朝比奈三郎は、源頼朝・頼家・実朝に仕えた侍所別当(さむらいどころ べっとう)和田義盛の三男で、母は巴御前であったともいわれる。鎌倉武士あまたある中でもとりわけ武勇に優れ、怪力無双と讃えられた武将である。頼朝の死後、勢力拡大を図る北条一族は梶原・比企など有力御家人を次々に滅ぼし、和田氏にもその魔手を向けた。こうして世に云う「和田合戦(わだかっせん)」が起こるのだが、この合戦のさなか、朝比奈は自慢の怪力にものを言わせてたった一人で北条の砦の門を破り、敵将北条義時(ほうじょう よしとき)を震え上がらせたという。またこの合戦で朝比奈は、未だ若年であった敵将の一人を討ち取らず見逃したと云い、このことが音頭に「敵に情け」等と詠み込まれている。山車には、朝比奈が北条屋敷の前庭の敷石(しきいし)を引き剥がして門にぶつけ、門を破る有り様が作られる。

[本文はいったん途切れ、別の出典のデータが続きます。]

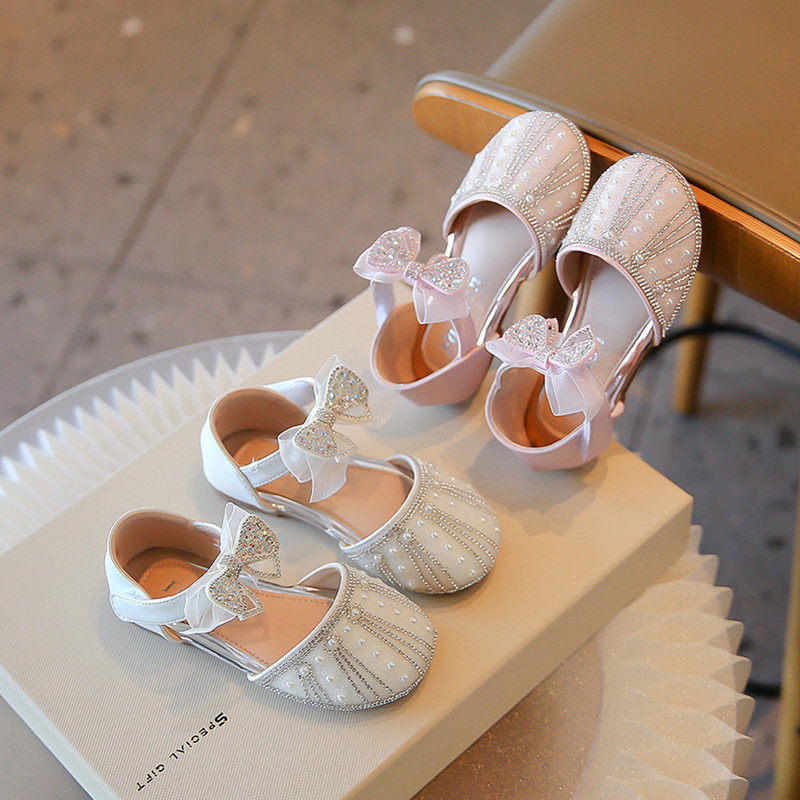 防滑蝴蝶结中小童时尚半凉鞋女童公主鞋2025夏季新款女童水钻软底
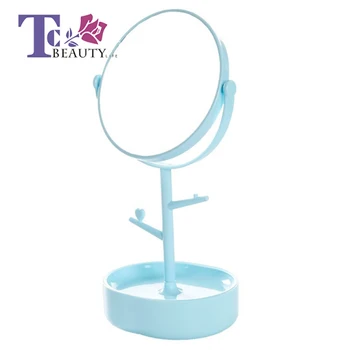 

Portable Makeup Mirror Small Round Vanity Compact Standing Mirrors Make Up Table Cosmetic Women Desktop Cosmetics Tool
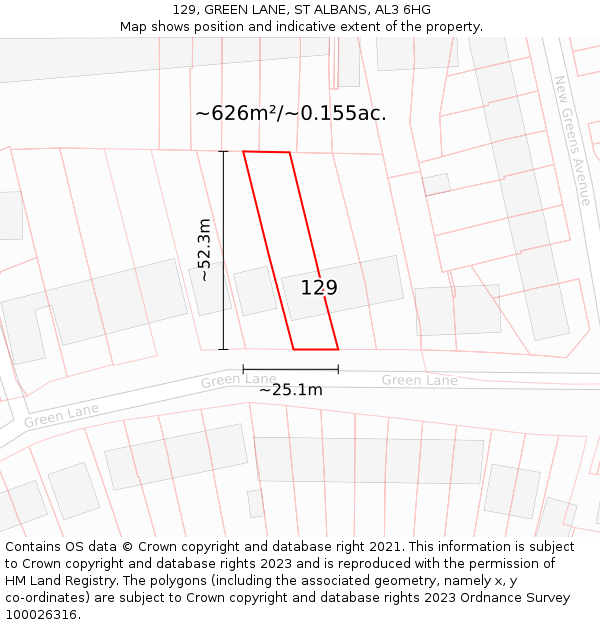 129, GREEN LANE, ST ALBANS, AL3 6HG: Plot and title map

朝比奈の掌(てのひら)は、左右どちらも門のほうを向いているのが常である。橋本組は上がった手を外側に向け、双方外に伸びるような姿勢にした。石鳥谷の下組は屋根瓦を上がった手に持たせて構図に変化を加え、新町組(沼宮内)は下がった手を内側に向けて投げつけた余韻を表した。このように組ごとの細部にわたる解釈・表現を楽しめるのが武者演題の良いところである。
年代不詳だが、石鳥谷では金棒を両手で振り上げ門を破ろうとする朝比奈の山車が出ている。一戸町には門の前で敷石を持ち上げる朝比奈の絵紙が残り、平成に入って橋中組がこの構図で作った。不精ひげをはやした荒武者仕立ての朝比奈で、諸手に大きな敷石を差し上げる異色の構想であった。
盛岡山車ではこのほか、『草摺引』という2体歌舞伎の演題に朝比奈三郎(小林朝比奈)が登場する。道化の隈取で晴れ着を纏い、曽我五郎と鎧を引き合う姿である。この歌舞伎姿の朝比奈が煙管をふかす様を1体で飾った山車も、戦前の盛岡で出た(釣鐘弁慶用の大人形による)。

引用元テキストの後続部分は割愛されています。